La presidenta encargada de Venezuela, Delcy Rodríguez, anunció un ajuste de ingresos que entrará en vigor el 1 de mayo, describiéndolo como una medida “responsable”. El anuncio se realizó en un contexto de persistentes desafíos económicos que enfrenta el país.
Durante su intervención, Rodríguez hizo un llamado a la autocrítica dentro del gobierno, instando a la corrección de “errores del pasado” y a una evaluación honesta de las fallas en la gestión.
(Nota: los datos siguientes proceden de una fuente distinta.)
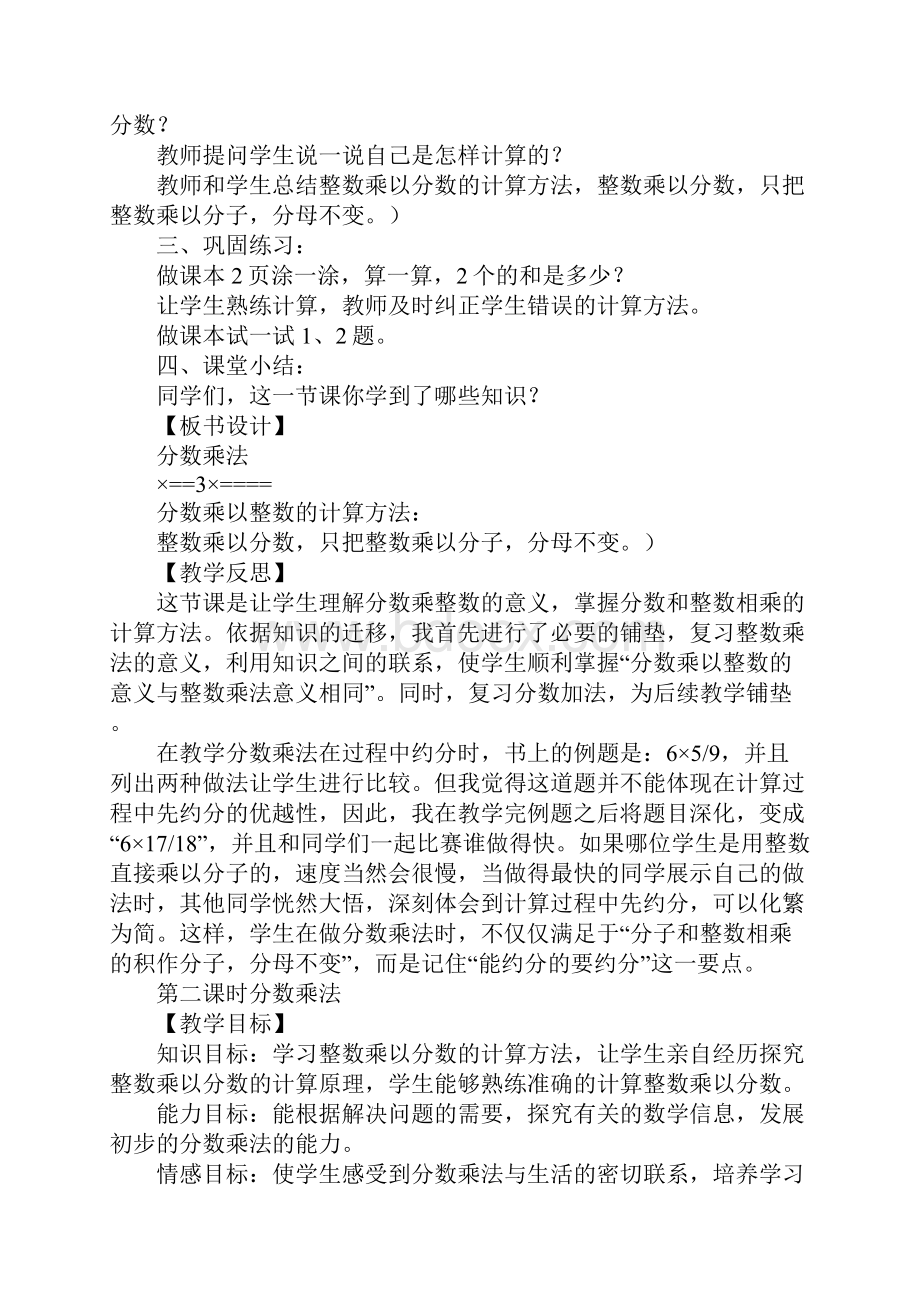 北师大版五年级数学下册单元分数乘法教案及教学反思全册.docx_第2页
La funcionaria no especificó a qué errores concretos se refería, pero enfatizó la necesidad de mejorar la eficiencia y la efectividad de las políticas públicas.
El anuncio del ajuste salarial busca, según la declaración oficial, aliviar la presión económica sobre los ciudadanos venezolanos, aunque no se detalló el porcentaje exacto del incremento. La medida se produce en un momento en que la inflación sigue siendo un problema significativo para la economía del país.
En relación con la empresa estatal de petróleo PDVSA, Rodríguez descartó categóricamente cualquier posibilidad de privatización. Esta declaración busca disipar rumores y reafirmar el control estatal sobre los recursos petroleros, que son fundamentales para la economía venezolana. La preservación de PDVSA como empresa pública ha sido una postura constante del gobierno.
La declaración de Rodríguez representa un intento de abordar tanto las necesidades económicas inmediatas como las preocupaciones sobre la dirección futura de la política económica venezolana. La autocrítica y el llamado a la corrección de errores sugieren un reconocimiento interno de los desafíos existentes.